TR: In what way did vidding and the vidding community influence this remix?

JM: I am in no way an expert on vidding, but for those who might not be aware, it’s an artform that’s been around since the mid-seventies. It’s deeply connected to fan cultures and fan fiction, just extended into video form. There’s a rich history of mostly women remixing (or “vidding”) pop culture narratives. And sometimes these vids, as they’re called, are making an argument, or doing a character study, or doing in-depth looks at various relationships, etc. It’s like using video to create literary criticism of TV and movies.

The sympathetic nature and fannish quality of vidding is one of the things that I think makes it work so well. Initially it took a while before I understood how powerful, important, and sometimes subversive it was as a remixing genre.
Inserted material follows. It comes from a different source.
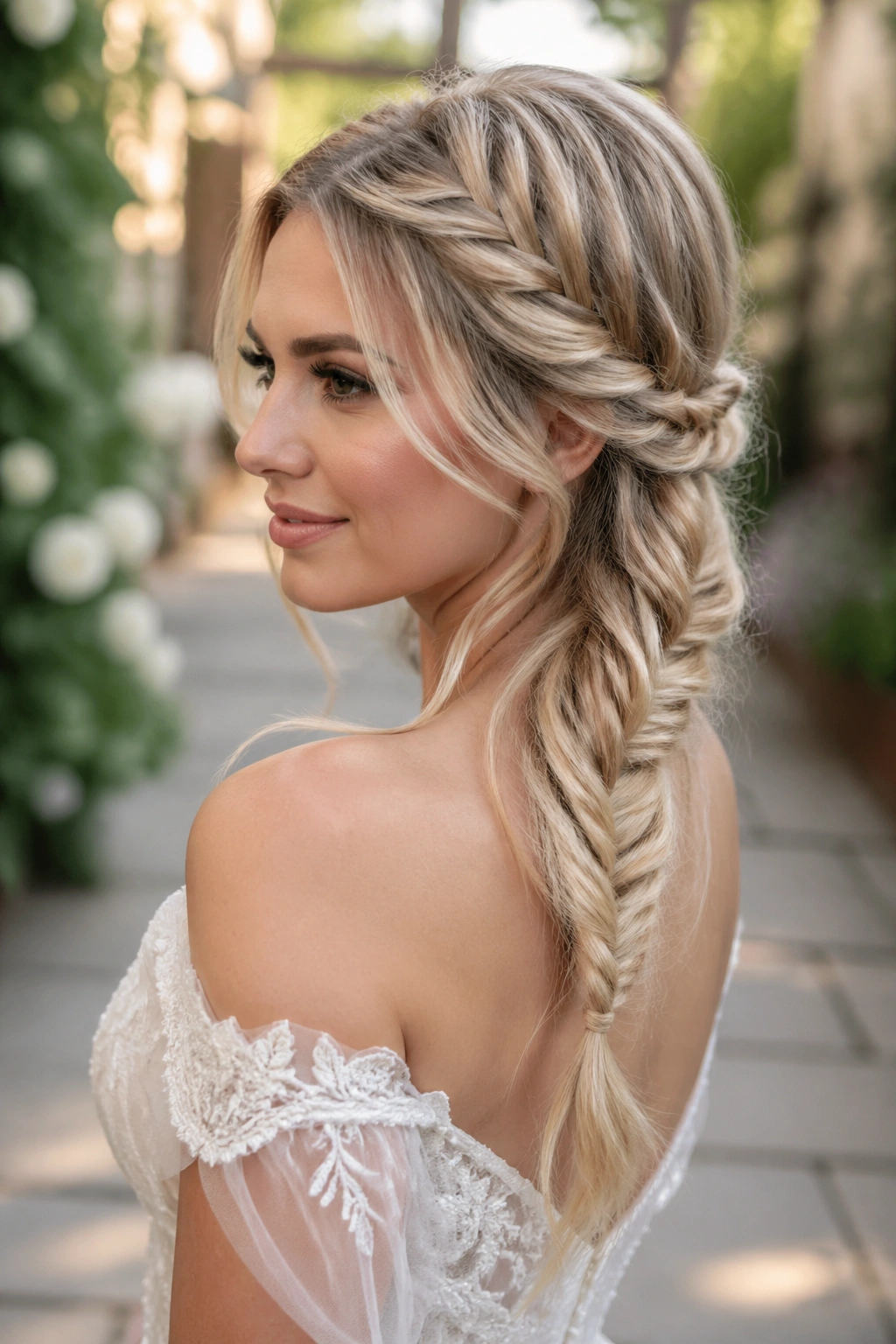 Close-up of a bride's half-braid hybrid with twist and fishtail visible at crown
Lots of vids will celebrate shows, relationships, subtexts or storylines – especially ones that break standard or stereotypical gender roles or narratives. While many other vids have an argument to make, and some of them will subtly (or no so subtly) criticize various aspects of a beloved TV show: characters, story lines, or the lack of queer characters, or the lack of strong female characters, etc. The idea is that you can enjoy something from the mass media but still criticize certain aspects of it to varying degrees. That’s a subtle understanding that seems to me a little bit lacking in many of the more political videos from my own remix genre.

A lot of political remix work can be really fantastic but it’s sort of based on ridicule. So it’s ridiculing the TV show, or it’s ridiculing the source. Sometimes, certain situations call for just flat out ridicule – I agree with that and I think it can be very important. But other times, conversations require a sort of subtle, respectful, and still pointed analysis, especially if you want to talk about race, class, gender, or sexuality. This is where, I think, vidding often succeeds in ways that political remix video sometimes does not.
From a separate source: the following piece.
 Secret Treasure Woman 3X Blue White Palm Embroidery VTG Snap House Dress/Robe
I don’t know if I would have been able to envision making something that’s a 6-minute narrative about gender roles, as in Buffy Vs Edward, if I had not been influenced by the vidding community. As a political remixer, I was fortunate to be schooled by vidders like Laura Shapiro, and also by Francesca Coppa, who is a founding member of the Organization for Transformative Works. By listening to them and watching a large body of vidding work, I learned about how to make more complex and subtle analyses of mass media in remix form. I’m certainly very sympathetic to Buffy and the whole Buffy universe (it’s my all time favourite TV show), and that comes through in my remix. So the audience is not supposed to go “Oh, see how TV is stupid?” They’re supposed to go “Oh, see how Buffy was awesome!” I kinda pit the Buffy TV show against the Twilight movie to deal with gender in a more complex way than I had done previously. So I would say that vidding was essential to me being even able to imagine doing something like this, even though I would not call Buffy vs. Edward a “vid”.

TR: Can you talk about any of the technical challenges of Buffy vs Edward?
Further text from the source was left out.